**Task goal**
Skip the pictures. Return exactly the lines from the one containing "MANIGLIA PER MOBILI" through the end of the entries below.

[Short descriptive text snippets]

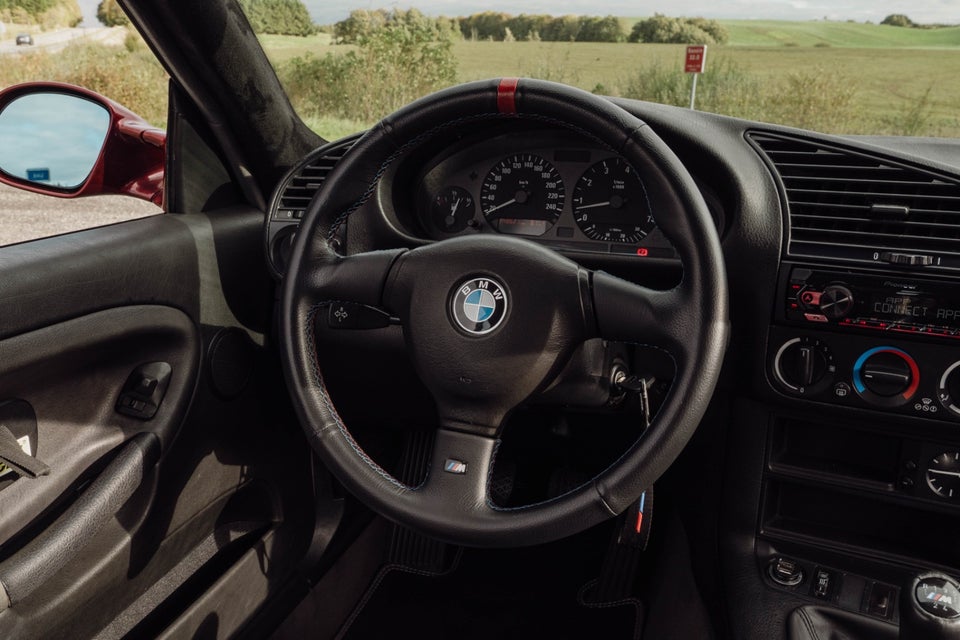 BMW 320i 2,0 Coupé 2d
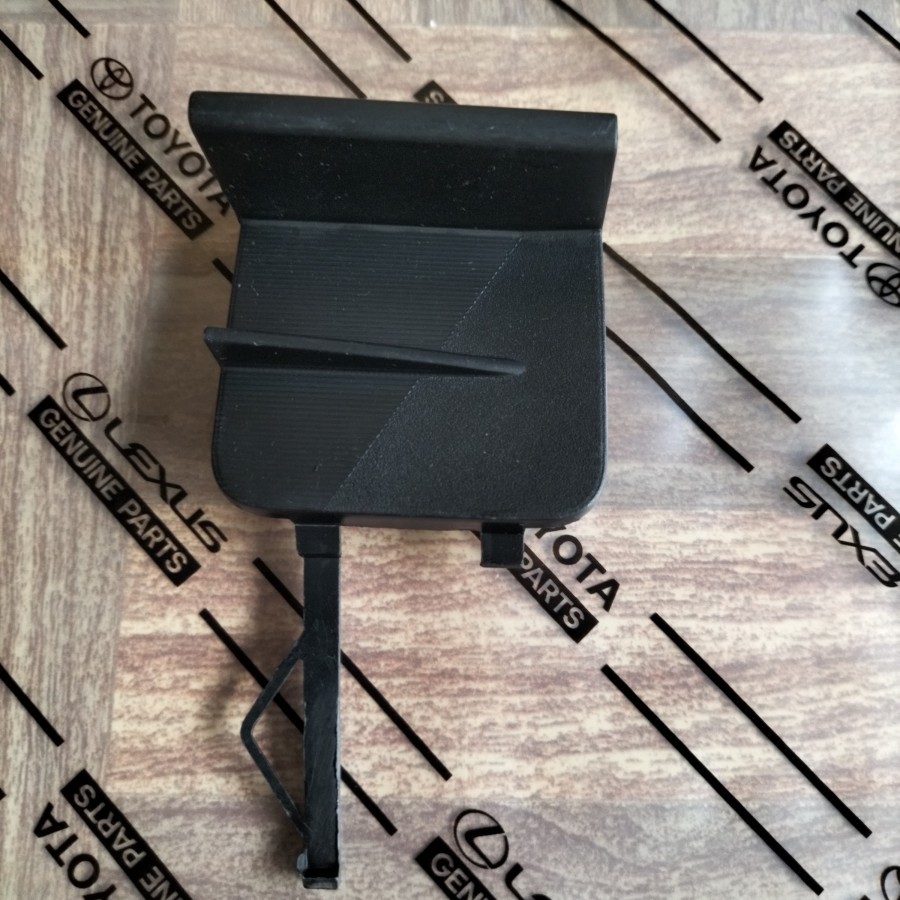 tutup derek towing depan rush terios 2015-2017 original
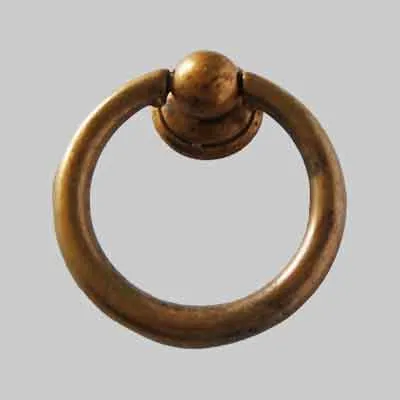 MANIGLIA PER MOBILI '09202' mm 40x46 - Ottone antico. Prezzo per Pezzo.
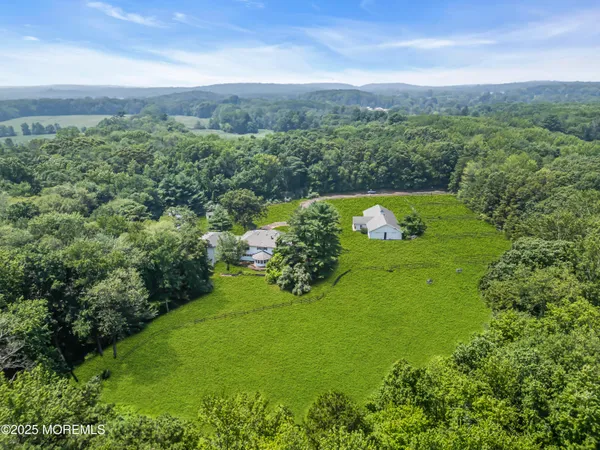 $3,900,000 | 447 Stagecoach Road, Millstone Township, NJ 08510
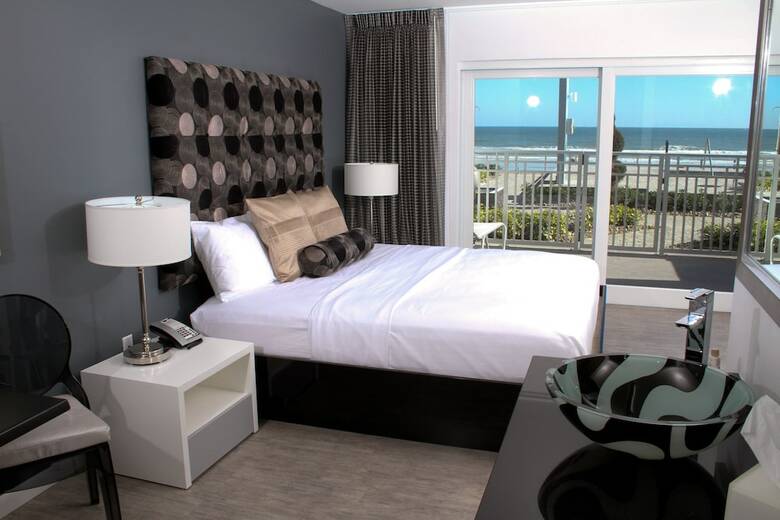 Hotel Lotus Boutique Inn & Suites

**Solution for this exercise**
 MANIGLIA PER MOBILI '09202' mm 40x46 - Ottone antico. Prezzo per Pezzo.
 $3,900,000 | 447 Stagecoach Road, Millstone Township, NJ 08510
 Hotel Lotus Boutique Inn & Suites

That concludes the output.